The metaverses open up for new types of advertisements that do not merely aim to inform but also to influence and drive consumer choices in new ways.

For instance, the gaze of our eyes and the activity of our pupils contain implicit information about our interests and emotional states. The tone of our voice can similarly be used to infer information about emotional states, such as depressive states, which can be used to target and manipulate consumer choices in various ways.

Manipulative Advertising
In effect, this opens up for new types of advertisements that do not merely aim to inform but also to influence and drive consumer choices in new ways.

Using unconscious biological reactions and neural mechanisms to influence consumers in this way, however, appears to violate personal autonomy, as this form of marketing aims to bypass, undermine, or subvert rational decision-making.

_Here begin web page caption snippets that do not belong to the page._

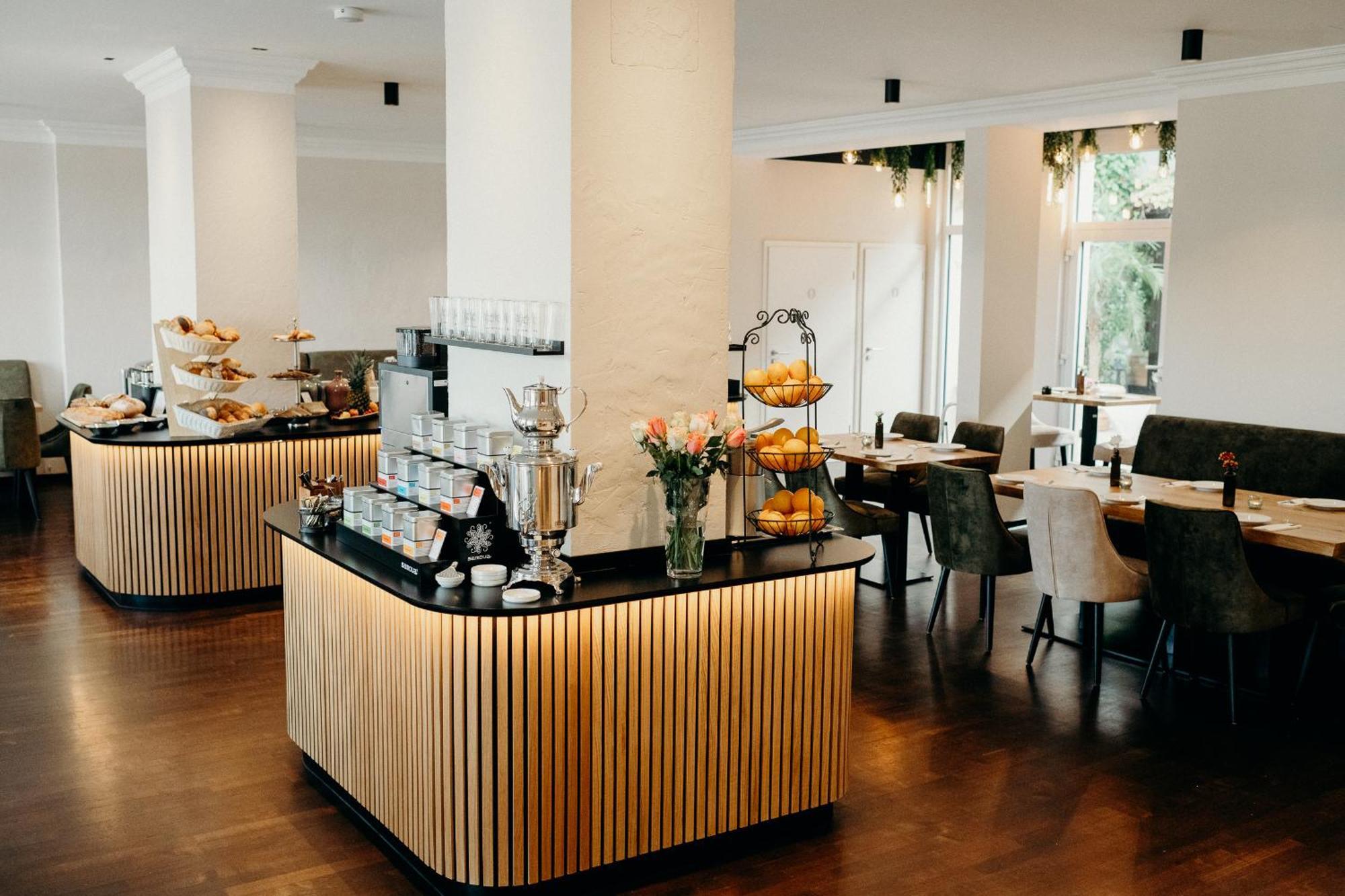 Hotel Crystal ซาร์บรึคเคน ภายนอก รูปภาพ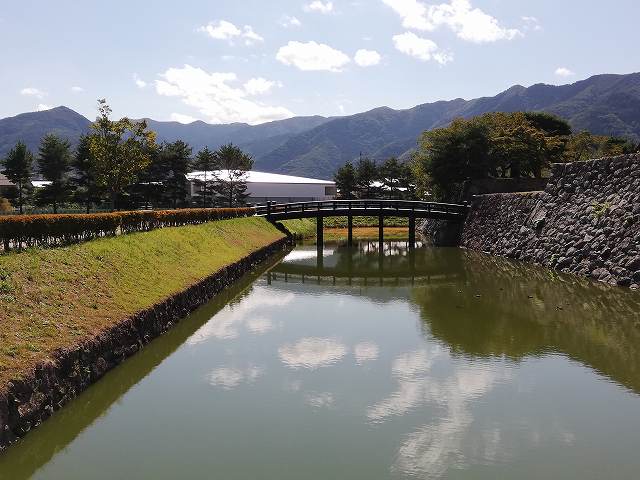 松代城 内堀と東不明門前橋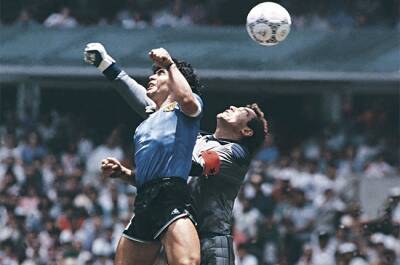 Diego Maradona - Peter Shilton - Steve Hodge - Maradona's 1986 World Cup 'hand of God' jersey to be auctioned, starting bid £4m - news24.com - Britain - Argentina -  Mexico City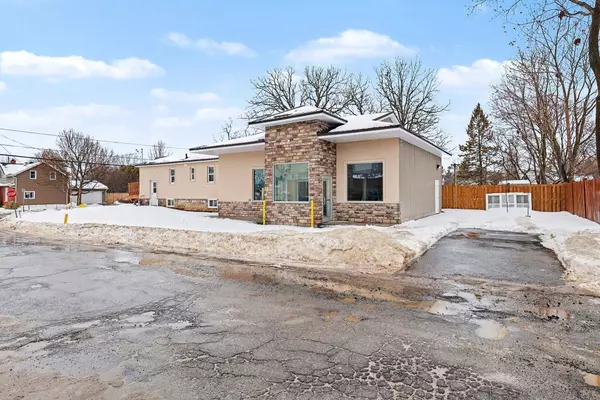 Mississippi Mills, ON K0A 1A0,55 Spring ST #Retail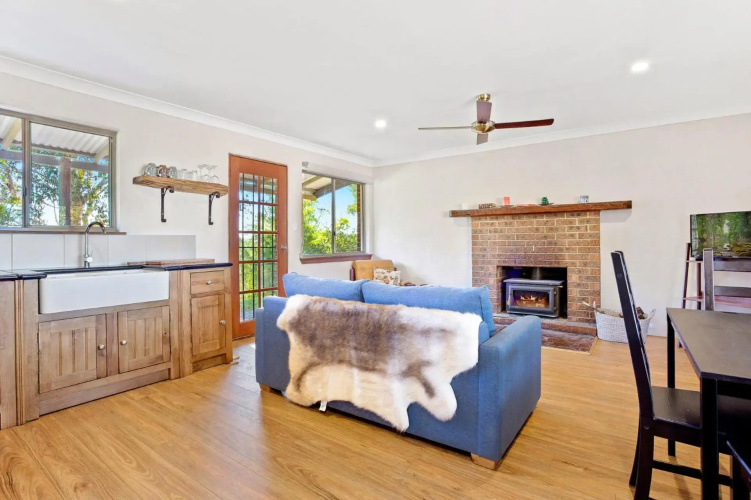 Braeside Cabin Three - Parsonsia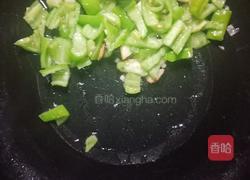 茄子炒尖椒的做法图解4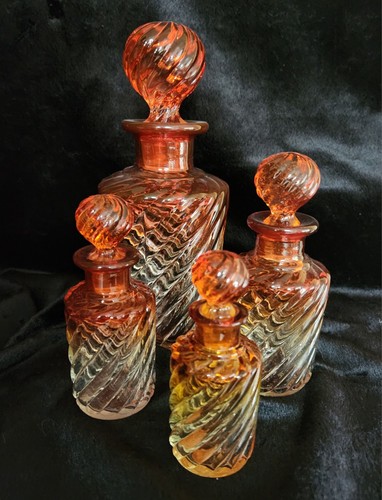 Bottiglie profumo rose - di,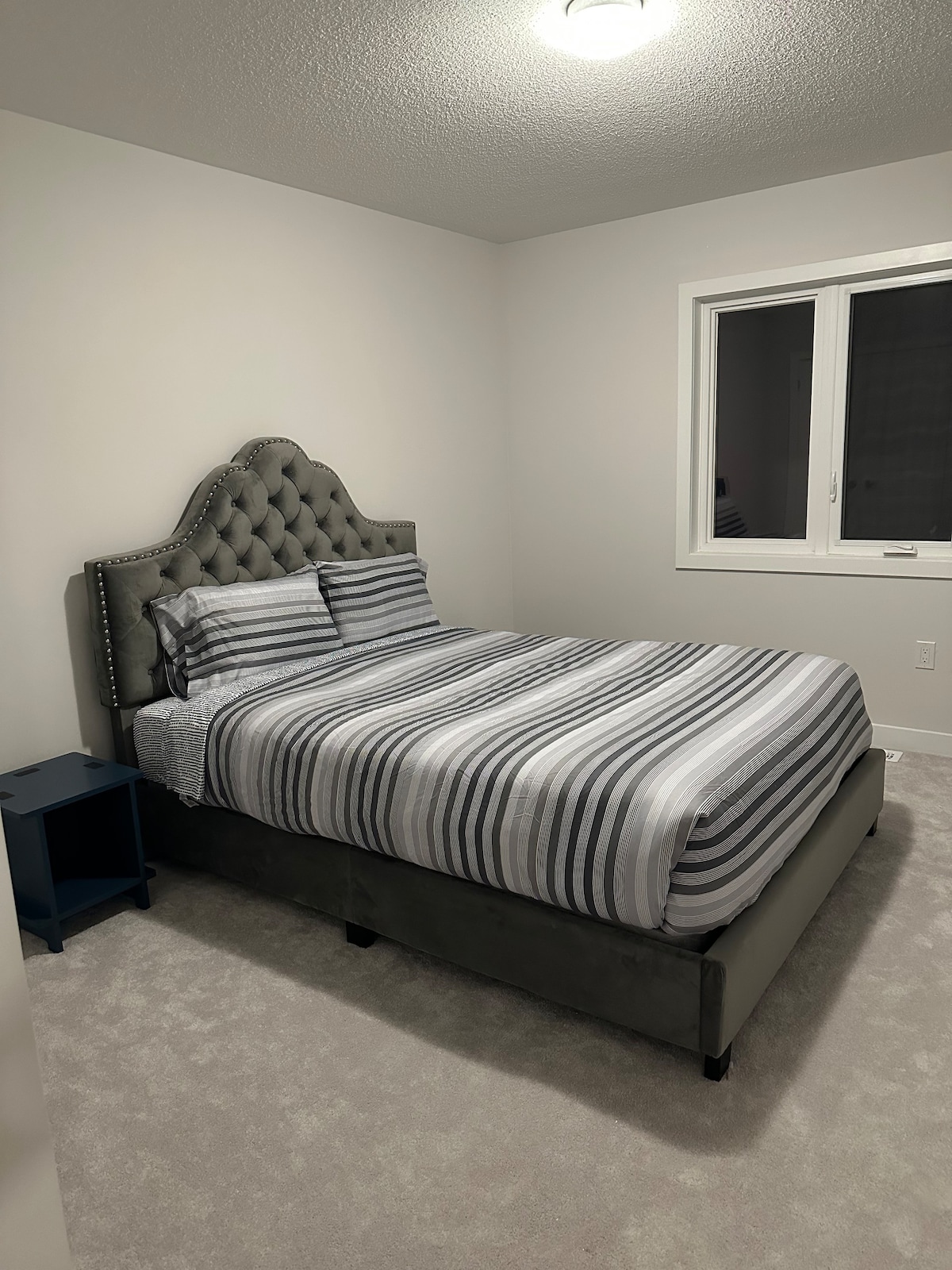 Luxury 5 bedroom home in Simcoe
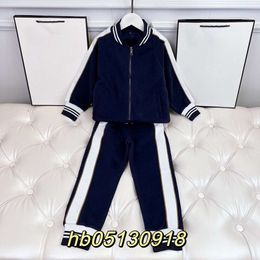 Dames T-shirt Girls Autumn Winter Pak Kinderkleding Kinderkleding Dikke Treasure Western Style Denim Two-Pally Set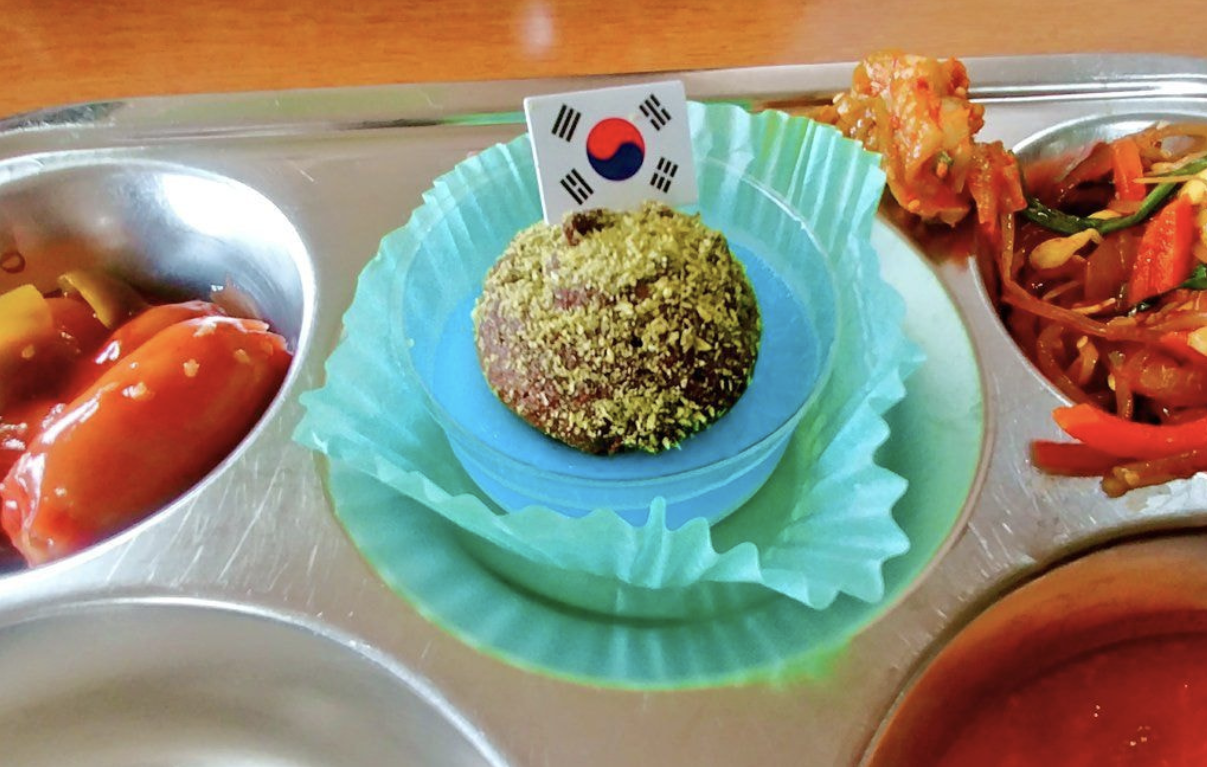 학교급식에서 제공되는 독도의 날 케이크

In some ways, this mirrors previous objections to subliminal advertisements and their perceived potential to severely manipulate consumer choices by taking advantage of unconscious cognitive processes.

It is difficult to say where to draw the line though.

After all, unconscious biological reactions and neural mechanisms are routinely used to influence consumers in various ways that do not appear to be morally wrongful. For instance, music is used to put consumers in a relaxed state, pricing is used to influence consumer choices, and strategic placement of goods in supermarkets is utilized to take advantage of will power fatigue.

The power of combining knowledge about individual interests, psychology, emotional states, unconscious cognitive processes, and neural mechanisms, however, may render the advertisement of the future closer to subliminal advertisement than to mall muzak.

This at least in part depends on how powerful these technologies will turn out to be in terms of manipulating consumer behavior. The potential is seemingly huge though as large amounts of biological data can potentially be collected, feedback can be gathered in real time, and adjustments can be made on the fly.

In any event, it is imperative that people are informed about how biological data can be leveraged to influence and drive behavior, especially through targeted advertisements. It is difficult to resist such influences without being aware of their potential effects.

Moreover, safeguards should be provided against companies taking advantage of the most vulnerable and disadvantaged members of society. For instance, by severely limiting targeted advertisements to people in depressed states.

This also includes so-called psychometric targeting, clearly intended to take advantage of people in vulnerable states such as people who live long away from family, are recently divorced, unemployed, or currently in grief.

This will not only protect personal autonomy, but also ensure that the burden of advertisements in the Metaverse do not fall disproportionately on some, while the benefits are primarily reaped by others.